Last week my Middle School Mascot quit after one game. She's in volleyball and it was really going to be the only football game she could come to anyway. She told her parents that it "wasn't like what she thought it would be like, she got tired and the costume was smelly." It's too bad because she did a fantastic job, very animated, really funny and engaging.
I visited with her parents a little at the Varsity game Friday night. We all agreed that it may also have had some to do with some of the personalities of the other girls on squad, on very zealous Seventh grader in particular. I reasoned that it's easier to avoid personality conflicts in basketball or volleyball than in cheerleading and I quipped that their daughter might now be able to avoid such conflicts, but that there was no escape for me.
They laughed and sympathetically asked how I could stand it, "you have three daughters at home, too, don't you? Geez, it's hard enough for us with just the one."
I told them than I didn't know whether God had used coaching cheerleading for the past 17 years as preparation for me having 3 girls or if He used parenting all girls to help make me a more patient cheer coach.
This reminded me of the name I chose for this blog. Originally I chose it as a title if and when I ever actually wrote a book about my experiences. It came from my very first year of coaching.
My wife was under a lot of stress our first year of teaching because she was asked to coach both junior high and high school cheerleading. When we went to our principal together to beg that she not have to coach both squads, he looked at me grinning and said, "I guess we'll need to find someone who could take on the junior high cheerleading... I noticed in your personnel file that you were a cheerleader in college."
Dumbfounded but dedicated to my wife, I reluctantly took on the responsibility. Little did I know what a difference that ONE season, freshman year of college would eventually make in my life.
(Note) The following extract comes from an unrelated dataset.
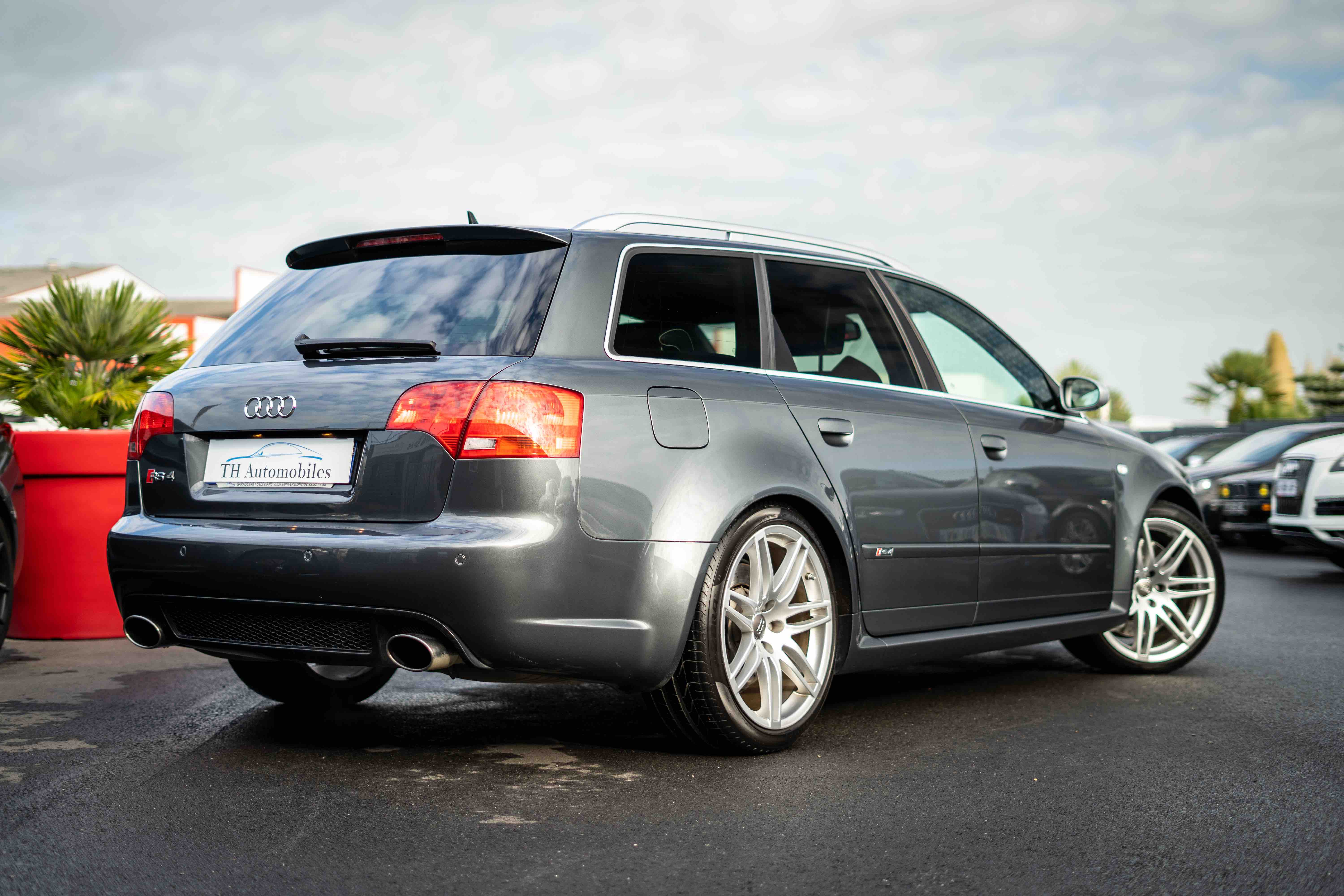 AUDI RS4 III AVANT 4.2 V8 FSI 420 QUATTRO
I hadn't intended to volunteer. At the time, I didn't feel qualified. I felt like Morgan Freeman in the Civil War epic, "Glory," when the Union Colonel, played by Matthew Broderick promoted him to Sergeant and gave him his stripes. "I'm not sure I'm wanting this," the middle-aged former grave digger confessed.
At any rate, here I was a 23 year old rookie teacher, fresh out of college, married but no kids of my own and my very first squad- a very fun, creative, enthusiastic group of Seventh and Eighth graders decided that it would be cute to nickname me "Papa Bear." It didn't really stick, they were pretty much the only squad to call me that, but it does pretty well exemplify part of my coaching philosophy. Kids need mentors, and girls need positive, appropriate (non-sexual) adult male influence. It's best if they get it from their dads, but not everybody has a stable two-parent family anymore.
I was talking to my great friend (and former Mascot, now about 27) the other day. I stopped by his office in Denison (a bigger town near by) just to say hi. I had st picked up a prescription at the pharmacy across the street. By coincidence, I had come to Denison during their Homecoming parade. They're a bigger school with Freshmen, JV, and Varsity cheer squads for Football, Basketball, AND Wresting.
He was impressed by the stunts they performed in the parade and how sharp and synchronized they were. Whereas it was a struggle for me to manage to get a whole six girls to agree to cheer for football season this year and it's a struggle to get them to practice even once a week because of jobs and illnesses. One or my veterans attends Volleyball practice every night. Another one is a candidate for Homecoming Queen and felt like she had to make appointments at a tanning booth during practice.
We talked about my "blue" personality as compared to the need for disciplined cheerleaders to aspire toward greater excellence, he seemed to wonder out loud if at some unconscious level, kids who needed mentoring from someone as patient and tolerant as me.
He said though, that it would still be nice if I could get some cheerleaders who were already more confident, driven and maybe even competitive.
He figured maybe they'd bring along the more needy ones in their momentum. But then he paused and thought some more and counseled me that, "actually, those kids who don't seem to need mentoring, need mentoring too, they just don't know it."
I guess that's always been my philosophy. Legendary UCLA Basketball Coach John Wooden believed that he was a teacher and a mentor and that building character in his players and preparing them for life was just as important as building their skills and preparing them for games.
Of course, that first squad may have just called me "Papa Bear" because of the novelty of having a guy coach junior high cheerleading. I did feel a little like Cary Grant in his 1964 movie "Father Goose." An antisocial, cynical, masculine curmudgeon alone on a Pacific island during WWII, Grant suddenly found himself thrust into a paternal role when a young teacher and her class of school-girls are stranded on the same island.
Or it could've been because I'm about 5' 10", 250 pounds with a goatee, so maybe I looked like a bear. God knows that when I get home, my wife has to put up with me being the typical man that comedians like Bill Engvall and Tim Allen joke about- like bears, all we really want is to eat, sleep, and mate.